#91 - Love and Rockets

Posted on the 25 April 2012 by Top100graphicnovels


Over-the-top women and magic realism...it's Love and Rockets


 
Love and Rockets is the story of a fictional Latin American village, charting the lives of a group of its inhabitants starting from when they were teenagers, right up to the present day. It's a work of magic realism that Gabriel Garcia Marquez would be proud of, and if you've ever read 100 Years of Solitude you'll know what I mean by that when you read this graphic novel.
Created and written by Los Bros Hernandez - Gilbert Hernandez and Jamie Hernandez - Love and Rockets ran for fifty issues and was one of the key players in the alternative comic book movement in the eighties.

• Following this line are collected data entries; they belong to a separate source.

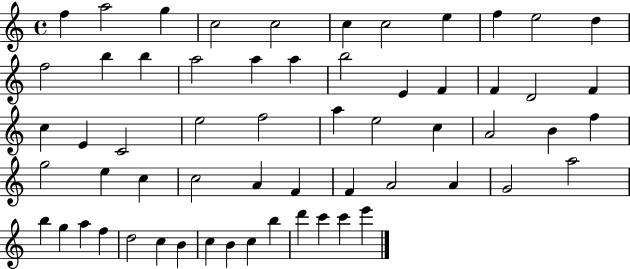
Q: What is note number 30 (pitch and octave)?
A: E5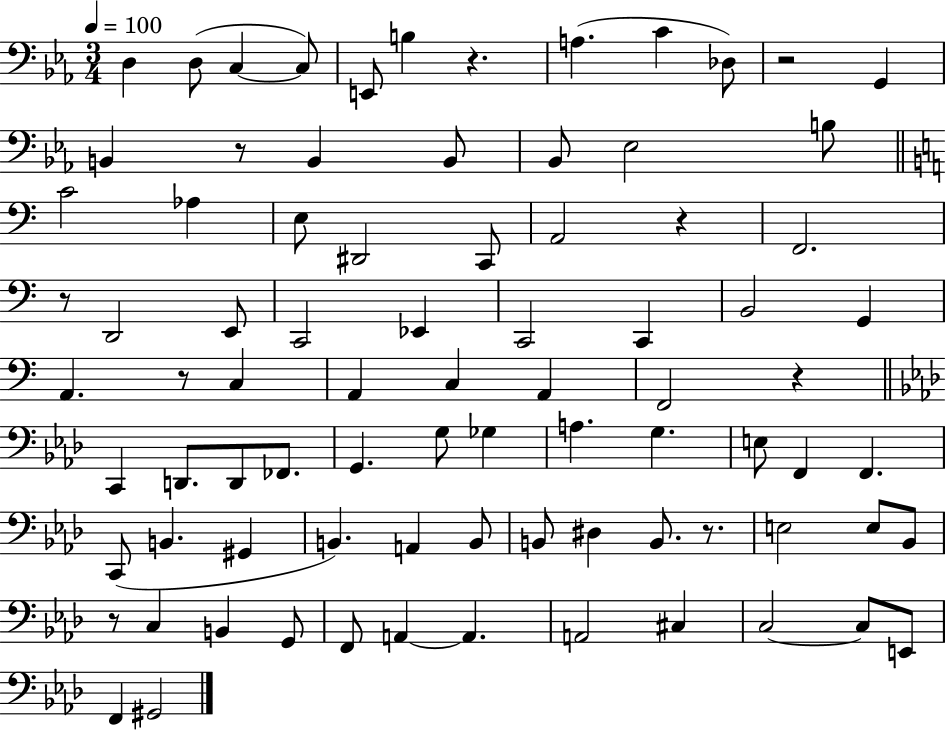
D3/q D3/e C3/q C3/e E2/e B3/q R/q. A3/q. C4/q Db3/e R/h G2/q B2/q R/e B2/q B2/e Bb2/e Eb3/h B3/e C4/h Ab3/q E3/e D#2/h C2/e A2/h R/q F2/h. R/e D2/h E2/e C2/h Eb2/q C2/h C2/q B2/h G2/q A2/q. R/e C3/q A2/q C3/q A2/q F2/h R/q C2/q D2/e. D2/e FES2/e. G2/q. G3/e Gb3/q A3/q. G3/q. E3/e F2/q F2/q. C2/e B2/q. G#2/q B2/q. A2/q B2/e B2/e D#3/q B2/e. R/e. E3/h E3/e Bb2/e R/e C3/q B2/q G2/e F2/e A2/q A2/q. A2/h C#3/q C3/h C3/e E2/e F2/q G#2/h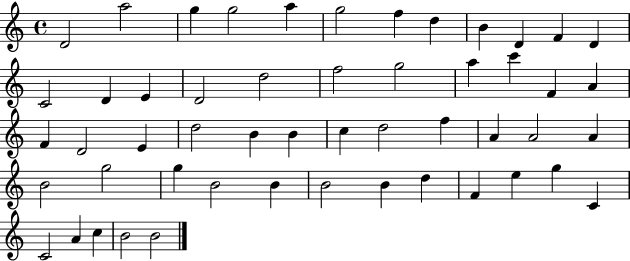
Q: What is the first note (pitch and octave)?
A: D4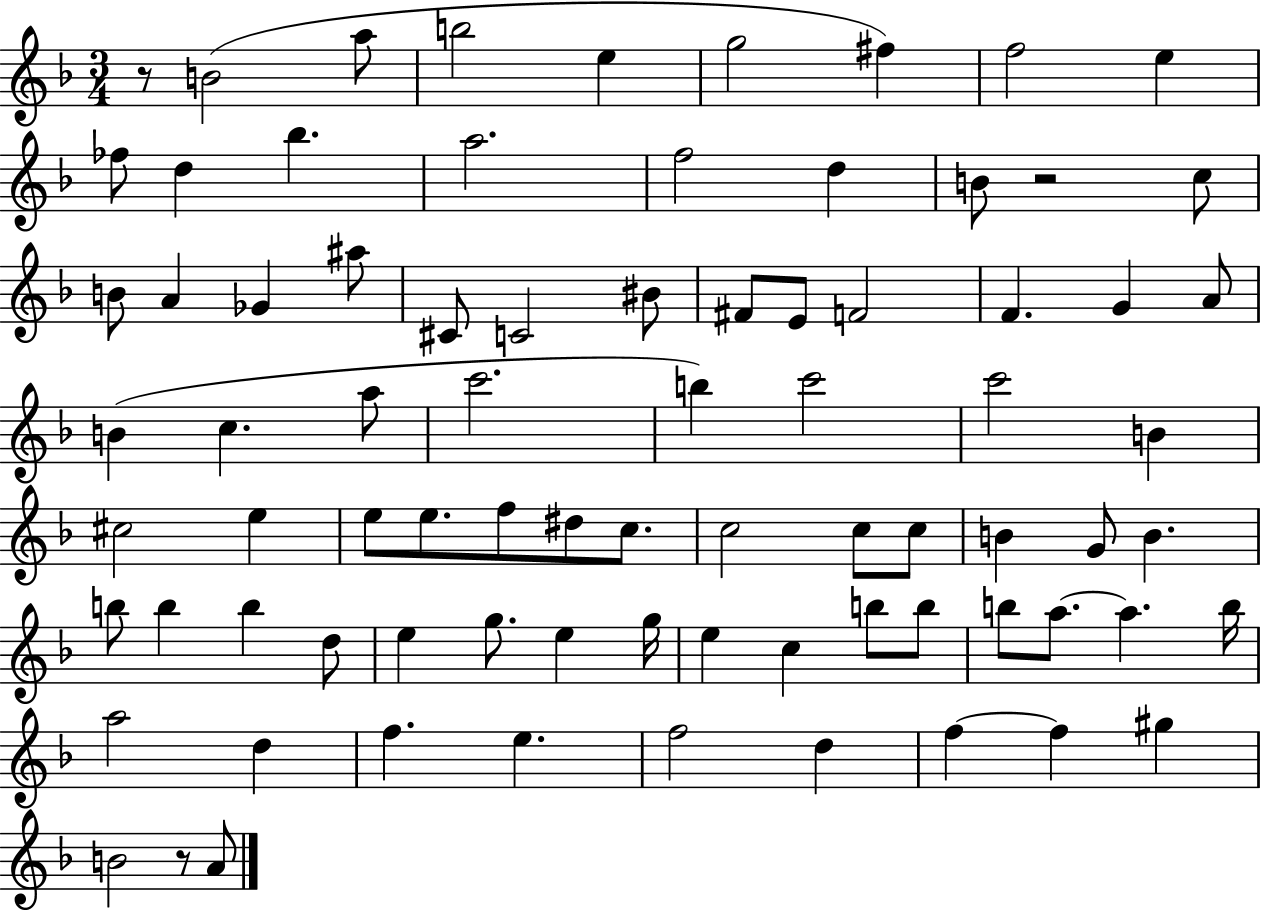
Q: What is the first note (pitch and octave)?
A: B4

Love and Rockets excels with its cast of great characters, the best being the female of the species. Ask anyone who has read Love and Rockets which characters stick in their head, and they are bound to name one of of the Locas (crazy women) that Los Bros have drawn on the page.

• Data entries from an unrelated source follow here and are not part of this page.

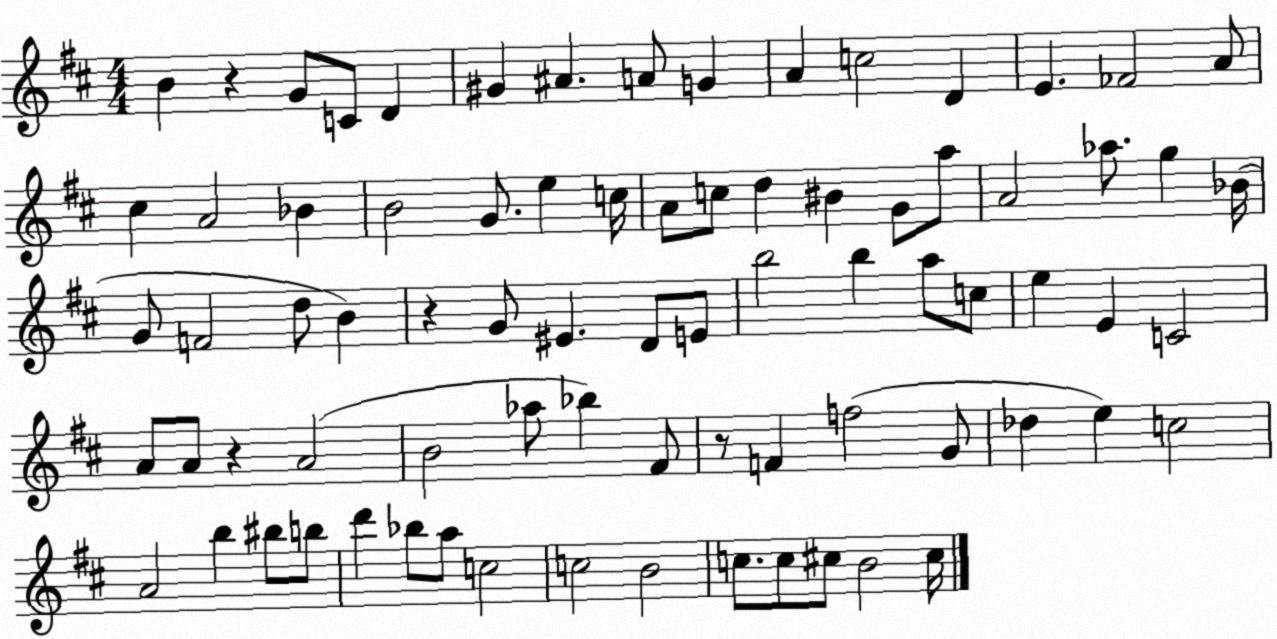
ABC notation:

X:1
T:Untitled
M:4/4
L:1/4
K:D
B z G/2 C/2 D ^G ^A A/2 G A c2 D E _F2 A/2 ^c A2 _B B2 G/2 e c/4 A/2 c/2 d ^B G/2 a/2 A2 _a/2 g _B/4 G/2 F2 d/2 B z G/2 ^E D/2 E/2 b2 b a/2 c/2 e E C2 A/2 A/2 z A2 B2 _a/2 _b ^F/2 z/2 F f2 G/2 _d e c2 A2 b ^b/2 b/2 d' _b/2 a/2 c2 c2 B2 c/2 c/2 ^c/2 B2 ^c/4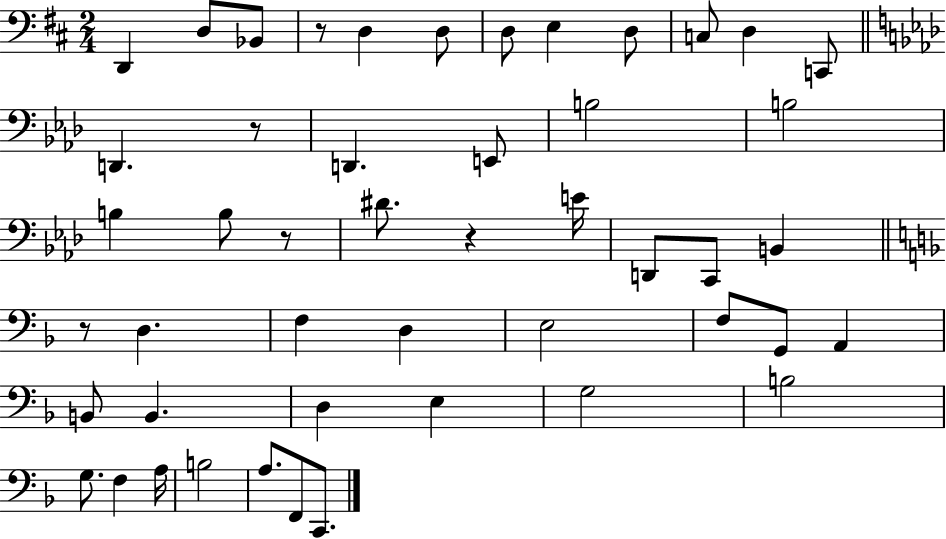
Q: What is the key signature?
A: D major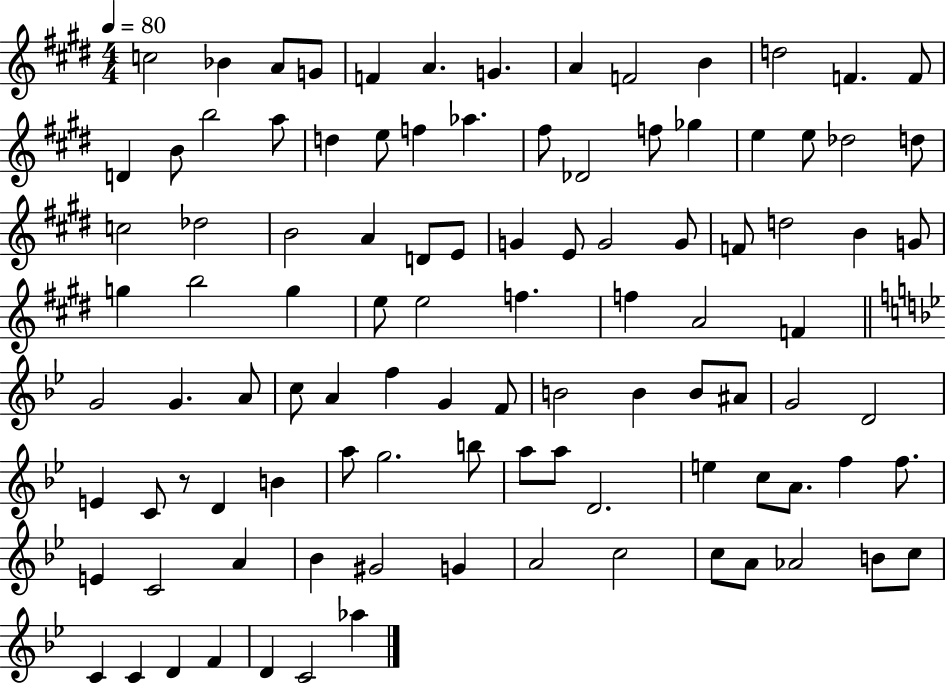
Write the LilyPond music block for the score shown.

The best things about reading Love and Rockets is that you can tell how much Los Bros Hernandez love their characters. They are drawn with so much detail, and developed so well, that you find yourself dying to find out how their stories go. Even the antagonists are given a fair shake in terms of their personalities, and no one is ever completely bad or completely good. As with all the top graphic novels, and with life in general, everything is coloured a different shade of grey rather than being black or white.
The stories presented can often start off small, with a character's normal, everyday desire, and balloon in to something larger-than-life fantastic. A good example would be the story of Maggie the Mechanic, who travels to Africa and winds up slap bang in the middle of a revolution. You're not dealing with a kitchen sink drama from the North of England here; in Love and Rockets anything can happen.
As for the book being turned into a movie, well it's an all too familiar story here. Love and Rockets has been stuck in Hollywood hell for the last fifteen years, with the movie rights to it being stuck in a litigation quagmire. Oh well.
Los Bros Hernandez have been writing and illustrating Love and Rockets for over twenty five years, so if you want a massive body of work to get stuck into, then this is your best bet. The graphical novel has also gone through a few changes, and has gone away for a while and then comeback in other incarnations. For being an epic and truly varied series, this one is worthy of a place in our top 100 graphic novels list.